(Task inputs)

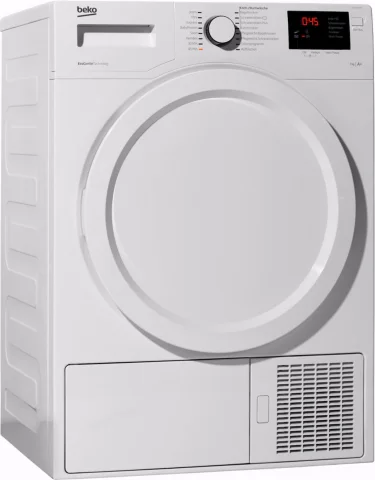 Beko DS 7333 PA0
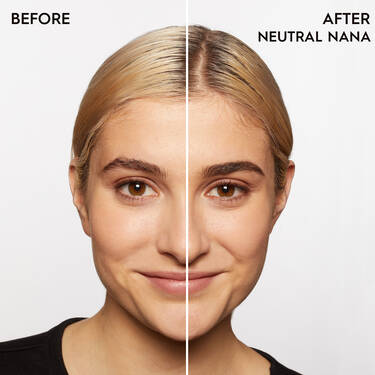 Urban decay inked deals brow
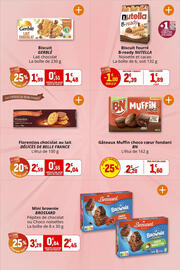 Catalogue Coccimarket page 14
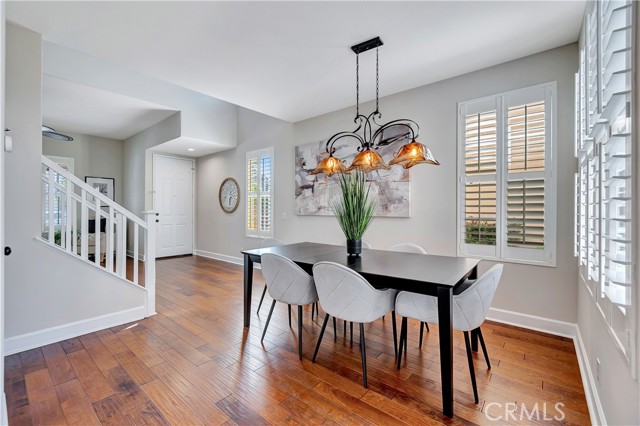 Detail Gallery Image 6 of 40 For 58 Kyle Court, Ladera Ranch,  CA 92694 - 4 Beds | 2/1 Baths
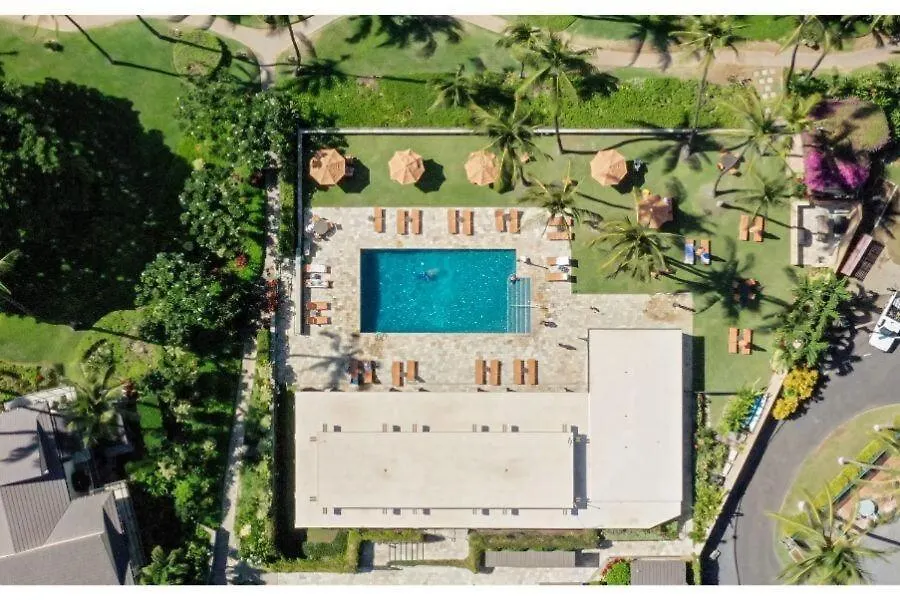 Wailea Elua, #0302 Condo 公寓 维雷亚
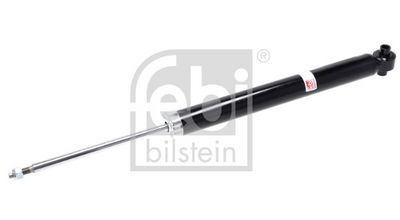 Amortizators FEBI BILSTEIN 1002707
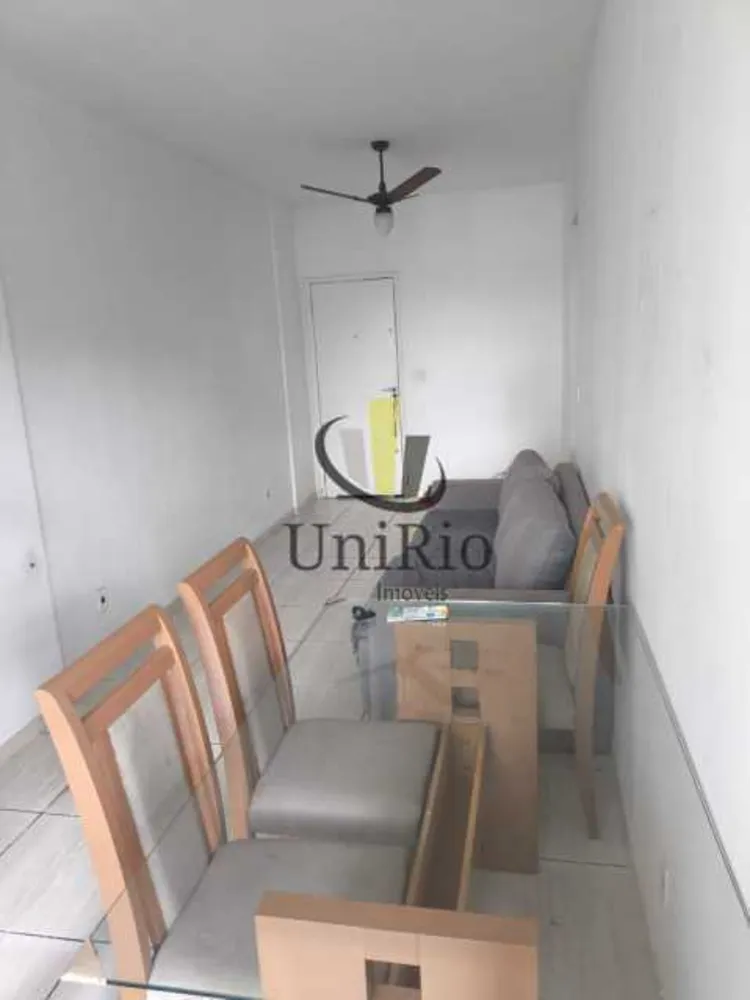 Apartamento, 1 quarto, 54 m² - Foto 15
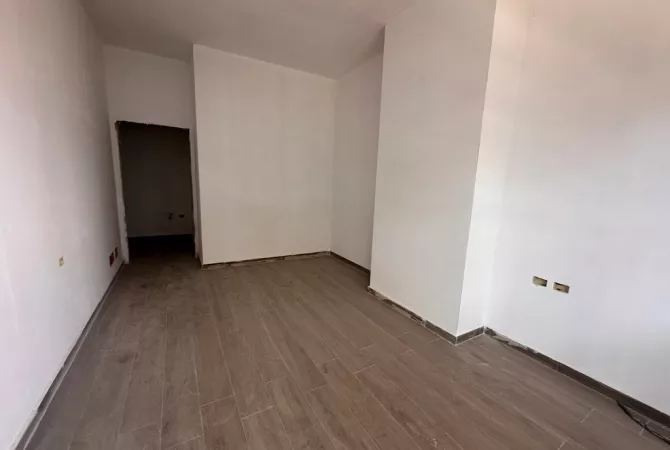House for Sale 2+1 in Tirana - 265,400 Euro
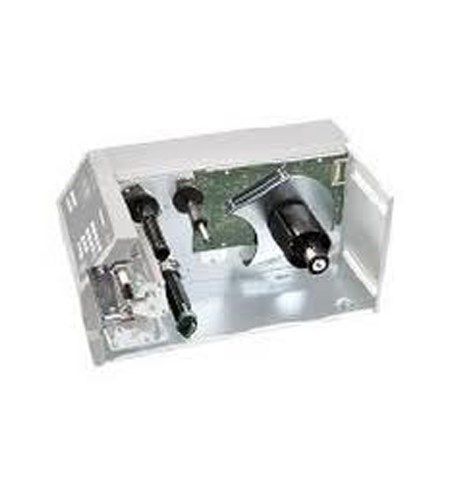 Ensemble de coupe Honeywell pour EasyCoder PX6I ((À PRÉVOIR
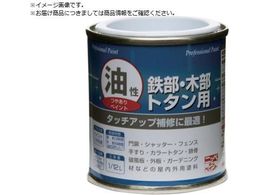 jb h SEؕEg^p 1 12L ubN HYJ011-1 12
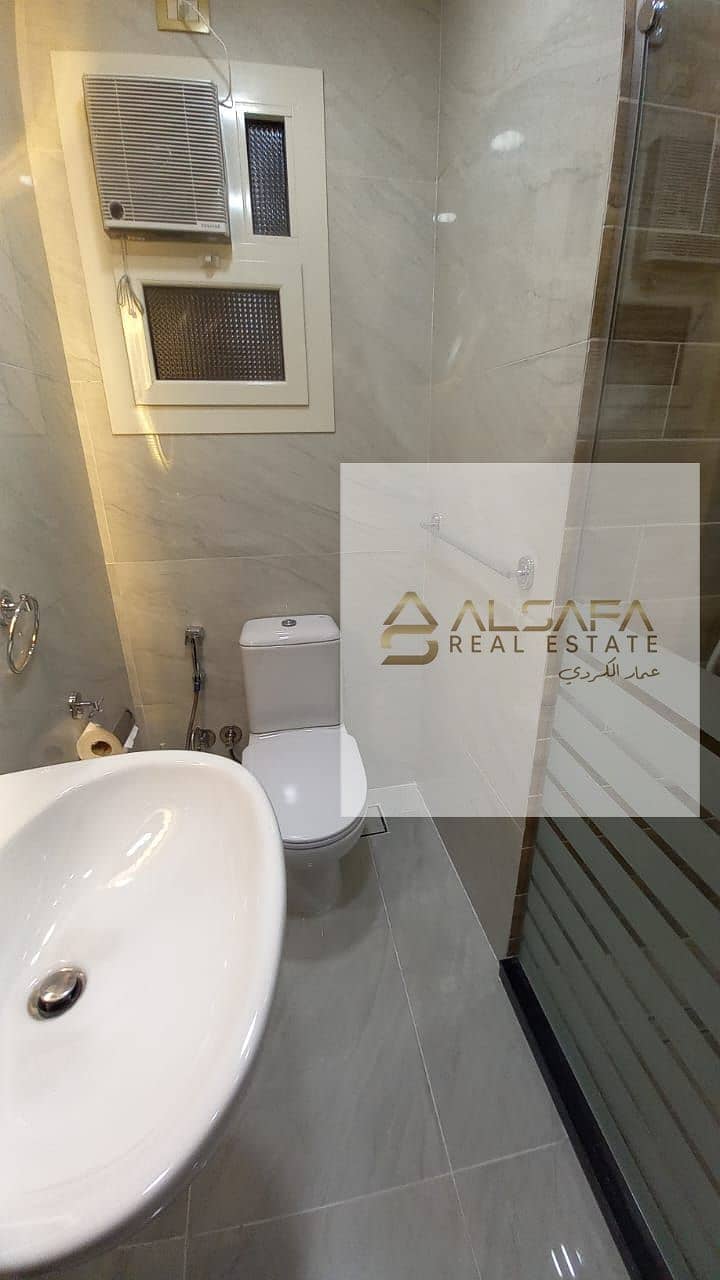 8 WhatsApp Image 2025-12-28 at 2.48. 31 PM (3). jpeg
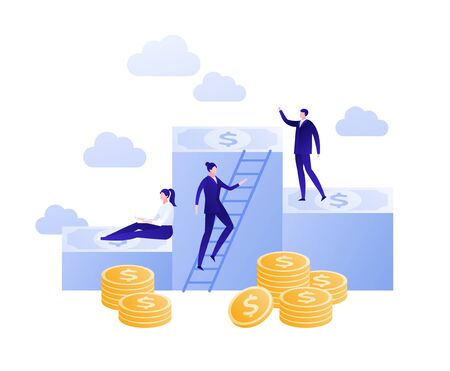 How Could the Changes Impact Savers and Retirees?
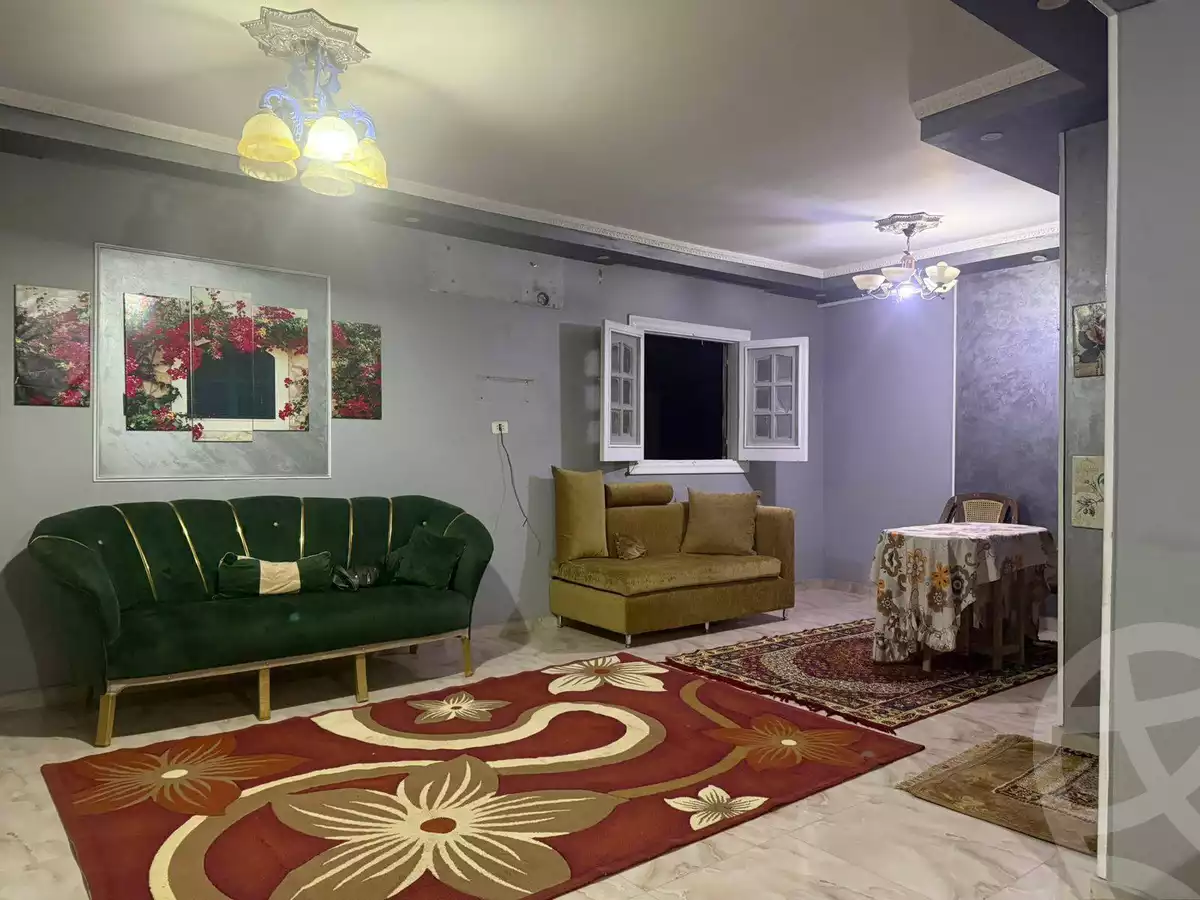 https://aqarmap.com.eg/ar/listing/6201794-for-sale-cairo-helwan-hadayek-helwan-nile-corniche-st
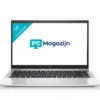 HP EliteBook 845 G8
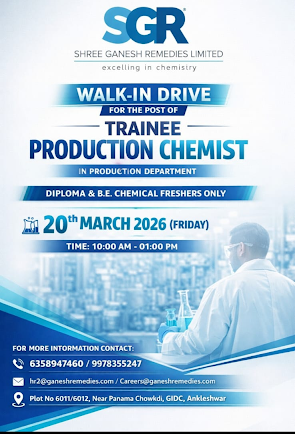 Shree Ganesh Remedies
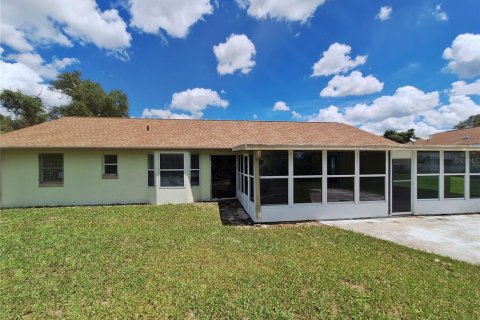 Villa ou maison à vendre à Ocala, Floride: 3 chambres, 155.89 m2 № 1869140 - photo 3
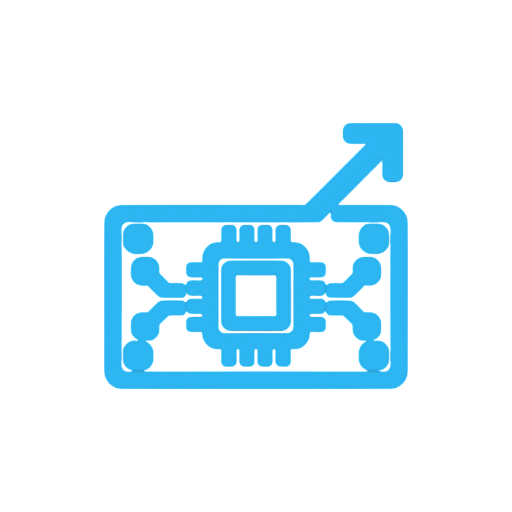 productpng
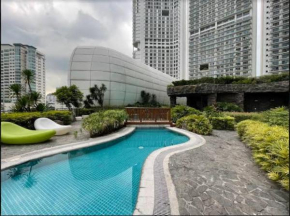 Acqua Private Residence by Norma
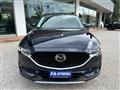 MAZDA CX-5 2.2L Skyactiv-D 150 CV AWD Exclusive Auto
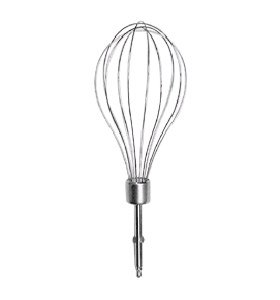 Cuisinart CHM-WSK Hand Mixer Whisk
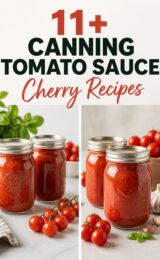 canning-tomato-sauce-ccccc-55085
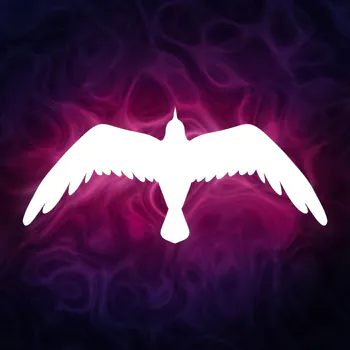 maarif_esports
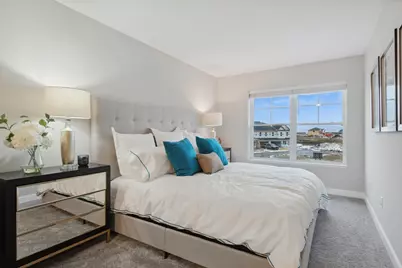 5315 Long Pointe Pass, Woodbury, MN 55129 - Photo 10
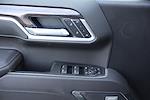2026 Chevrolet Silverado 1500 Crew Cab 4WD Pickup for sale #32585 - photo 16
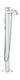 Hansgrohe 31445 number 3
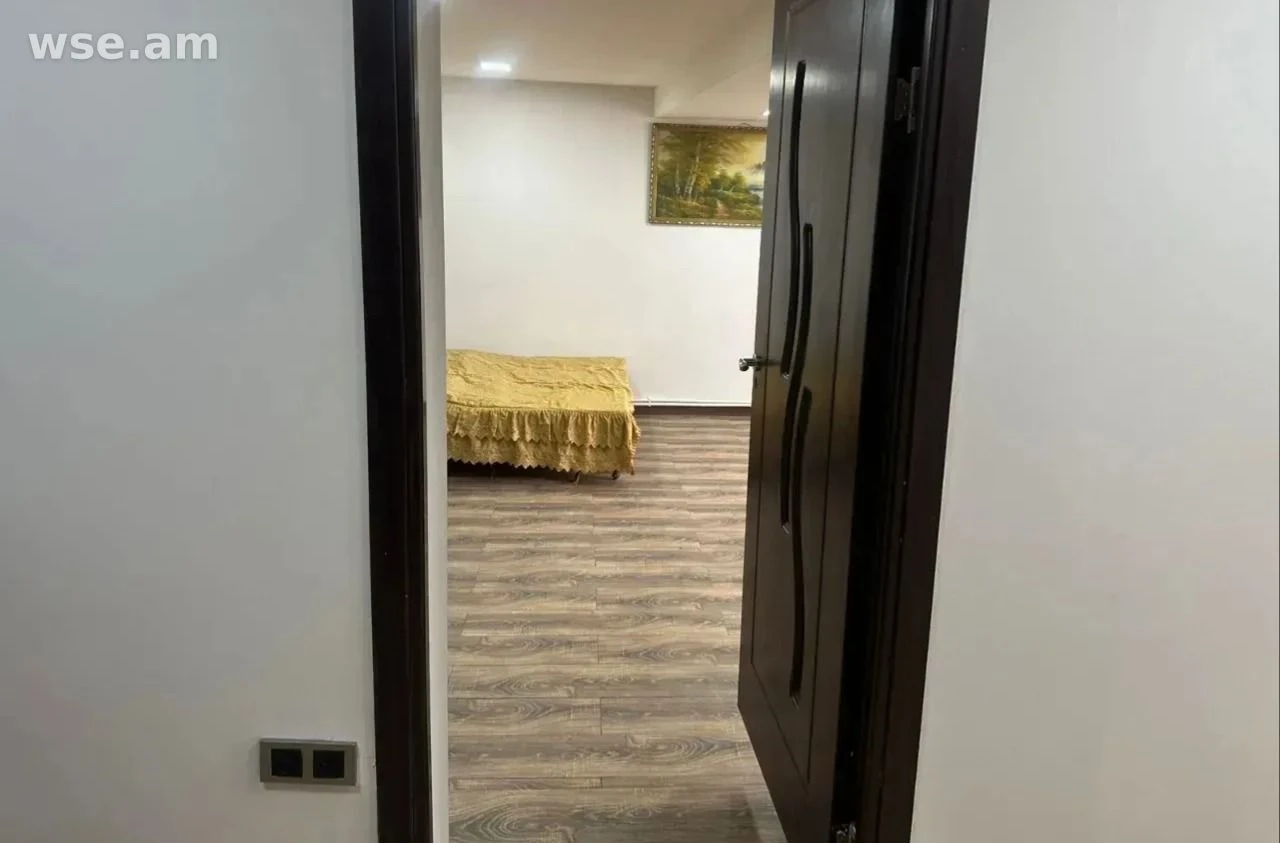 2室公寓, 60㎡, Sari Tah 9th Street 161 — 200 000 ֏ | WSE.AM
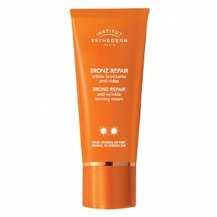 Institut Esthederm Bronz Repair Sun 50ml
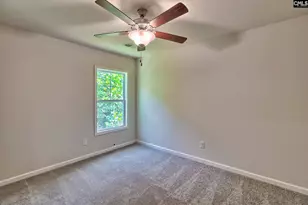 827 Daniel Lake CT, West Columbia, SC 29170 - Photo 25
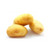 Organic Potatoes, New Season 1kg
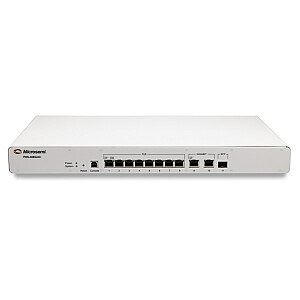 1-портовый IEEE802.3BT LEGACY MIDS/60 Вт 10/100/1000 BASET AC EU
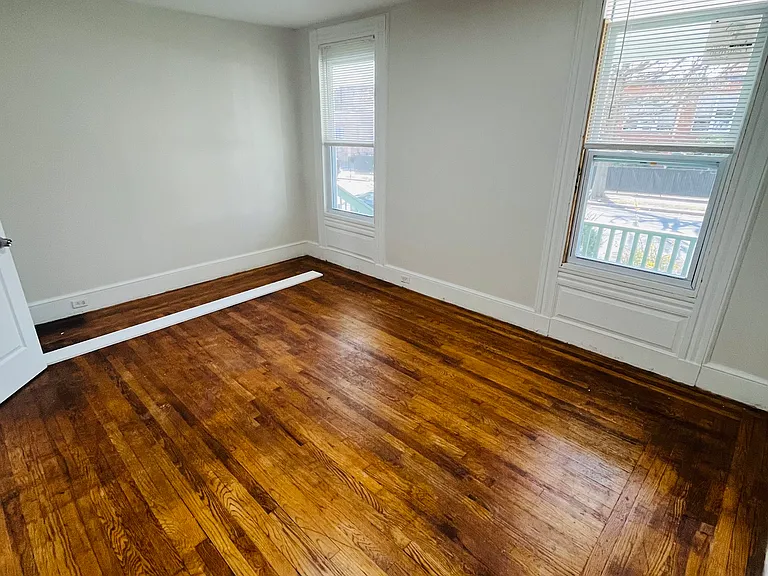 349 Ellsworth Ave #2 — Photo 9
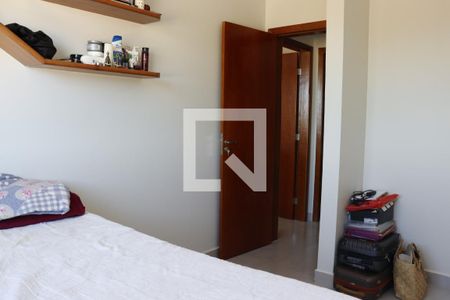 Apartamento para alugar com 2 quartos, 63m² em Jardim América, Goiânia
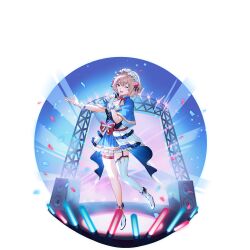 alice margatroid from touhou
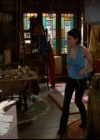 Charmed-Online-dot-net_620AWrongDaysJourneyIntoRight0944.jpg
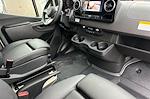 New 2026 Mercedes-Benz Sprinter 2500 Standard Roof Empty Cargo Van for sale #26S017 - photo 17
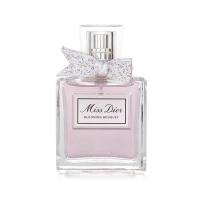 ราคา ของแท้ 100 Miss Dior Blooming Bouquet EDP 100ml Floral Perfume (22045179181)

(End Task inputs)

Task requirements -
Print all records word for word, no images.

Expected answer -
 Beko DS 7333 PA0
 Urban decay inked deals brow
 Catalogue Coccimarket page 14
 Detail Gallery Image 6 of 40 For 58 Kyle Court, Ladera Ranch,  CA 92694 - 4 Beds | 2/1 Baths
 Wailea Elua, #0302 Condo 公寓 维雷亚
 Amortizators FEBI BILSTEIN 1002707
 Apartamento, 1 quarto, 54 m² - Foto 15
House for Sale 2+1 in Tirana - 265,400 Euro
 Ensemble de coupe Honeywell pour EasyCoder PX6I ((À PRÉVOIR
 jb h SEؕEg^p 1 12L ubN HYJ011-1 12
 8 WhatsApp Image 2025-12-28 at 2.48. 31 PM (3). jpeg
 How Could the Changes Impact Savers and Retirees?
 https://aqarmap.com.eg/ar/listing/6201794-for-sale-cairo-helwan-hadayek-helwan-nile-corniche-st
 HP EliteBook 845 G8
 Shree Ganesh Remedies
 Villa ou maison à vendre à Ocala, Floride: 3 chambres, 155.89 m2 № 1869140 - photo 3
 productpng
 Acqua Private Residence by Norma
 MAZDA CX-5 2.2L Skyactiv-D 150 CV AWD Exclusive Auto
 Cuisinart CHM-WSK Hand Mixer Whisk
 canning-tomato-sauce-ccccc-55085
 maarif_esports
 5315 Long Pointe Pass, Woodbury, MN 55129 - Photo 10
2026 Chevrolet Silverado 1500 Crew Cab 4WD Pickup for sale #32585 - photo 16
 Hansgrohe 31445 number 3
 2室公寓, 60㎡, Sari Tah 9th Street 161 — 200 000 ֏ | WSE.AM
 Institut Esthederm Bronz Repair Sun 50ml
 827 Daniel Lake CT, West Columbia, SC 29170 - Photo 25
 Organic Potatoes, New Season 1kg
 1-портовый IEEE802.3BT LEGACY MIDS/60 Вт 10/100/1000 BASET AC EU
 349 Ellsworth Ave #2 — Photo 9
 Apartamento para alugar com 2 quartos, 63m² em Jardim América, Goiânia
 alice margatroid from touhou
 Charmed-Online-dot-net_620AWrongDaysJourneyIntoRight0944.jpg
 New 2026 Mercedes-Benz Sprinter 2500 Standard Roof Empty Cargo Van for sale #26S017 - photo 17
 ราคา ของแท้ 100 Miss Dior Blooming Bouquet EDP 100ml Floral Perfume (22045179181)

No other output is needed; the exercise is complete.